Pour cette raison, la sollicitation de l’ouïe, de la vue, du toucher, de l’odorat, est au cœur de la pratique de la pleine conscience.

Méditation sur les sons

Il s’agit là de se concentrer et de laisser venir tous les sons y compris les moins agréables (la non-discrimination fait aussi partie de la pleine conscience).

Des pensées, des souvenirs, des fantasmes peuvent jaillir, en même temps que d’autres sollicitations sensorielles. Acceptez cette interruption, puis revenez à l’exercice.

En restant ainsi concentré vous aurez la sensation de ne faire plus qu’un, avec le son.

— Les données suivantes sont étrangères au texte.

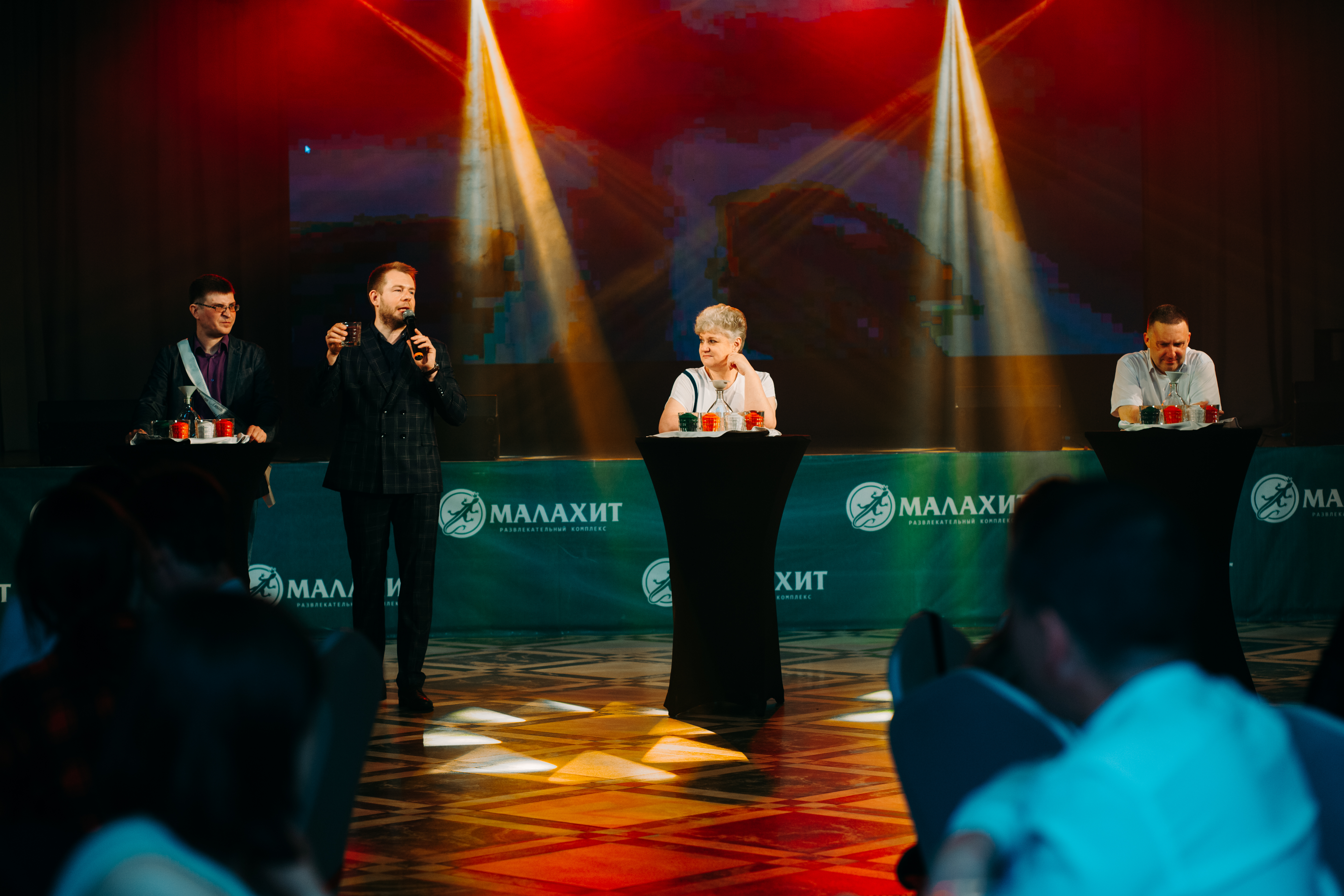 Университетский выпускной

Vous pouvez faire le même exercice avec les autres sens.

Méditation sur la respiration 

De même la respiration et la voie la plus accessible et la plus efficace pour calmer les turbulences du mental et ainsi nous permettre de changer notre regard sur notre vie et ce qui nous entoure. Il suffit donc à différents moments de notre journée, de devenir plus conscient de notre souffle, simplement en le suivant.

Vous pouvez pratiquer cet exercice de respiration partout et à toute heure de votre journée.

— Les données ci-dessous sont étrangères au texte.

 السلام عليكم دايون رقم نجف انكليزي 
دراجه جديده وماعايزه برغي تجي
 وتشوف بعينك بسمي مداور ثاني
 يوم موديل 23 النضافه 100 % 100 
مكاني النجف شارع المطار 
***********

  • En inspirant, pensez « j’inspire », afin d’avoir une conscience plus fine de l’air qui pénètre dans votre corps.
  • En expirant, pensez « j’expire », tout en étant conscient de l’air expulsé hors de votre corps.

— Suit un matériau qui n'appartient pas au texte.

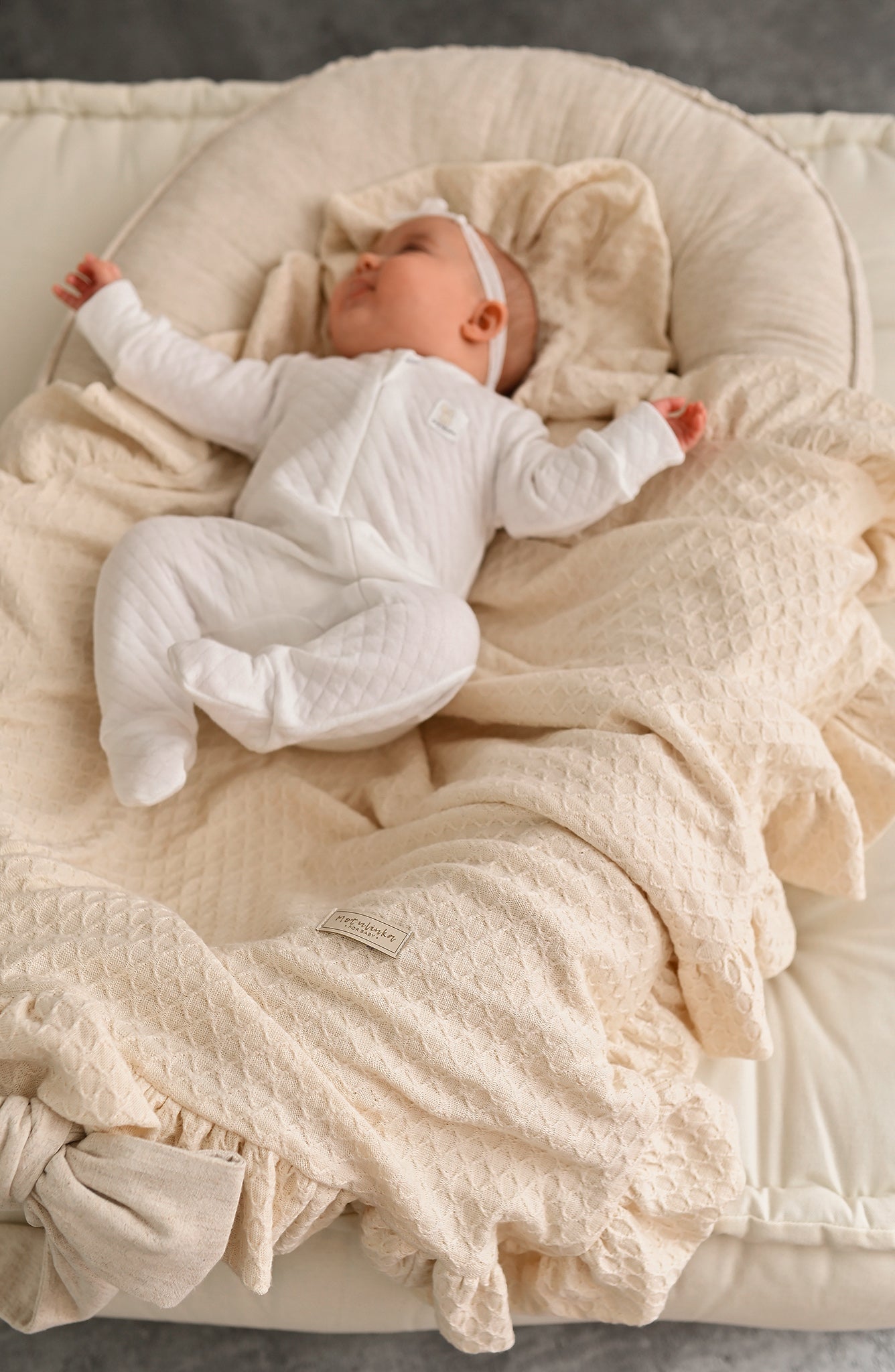 Wrap your little one in comfort with our Natural Beige Baby Blanket. Soft, breathable, and perfect for naps, stroller rides, and everyday snuggles.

Ces mots sont des guides, il vous rappelle de respirer dans l’instant présent.

Répétez : j’inspire, j’expire, jusqu’à ce que vous remarquiez que votre concentration est devenue paisible et ferme.

Méditation sur le corps : 

Regardez vos pieds (ou vos mains) en respirant profondément, asseyez-vous confortablement, vraiment confortablement peu importe là où vous êtes. Si vous pouvez vous mettre pieds nus, allez-y, faîtes le tranquillement.

Un fois vos pieds (ou vos mains) devant vous, et vous même dans une position confortable, observez-les comme si c’était la première fois. Faîtes les bouger, tourner, si vous avez envie de les toucher allez-y.

Observez vos pensées qui viennent, est ce qu’elles jugent ? Comparent ? Encouragent ? Ou vos pensées sont plutôt factuelles, grands/petits ? froids/chauds ?

Maintenant prenez le temps de visualiser l’ensemble des actions que vous avez réalisé grâce à vos pieds (ou vos mains) la dernière heure qui vient de s’écouler ?

Respirez quelques fois en conscience, goûtez le fait « que la vie est dans cette partie de votre corps » pour l’apprécier vraiment.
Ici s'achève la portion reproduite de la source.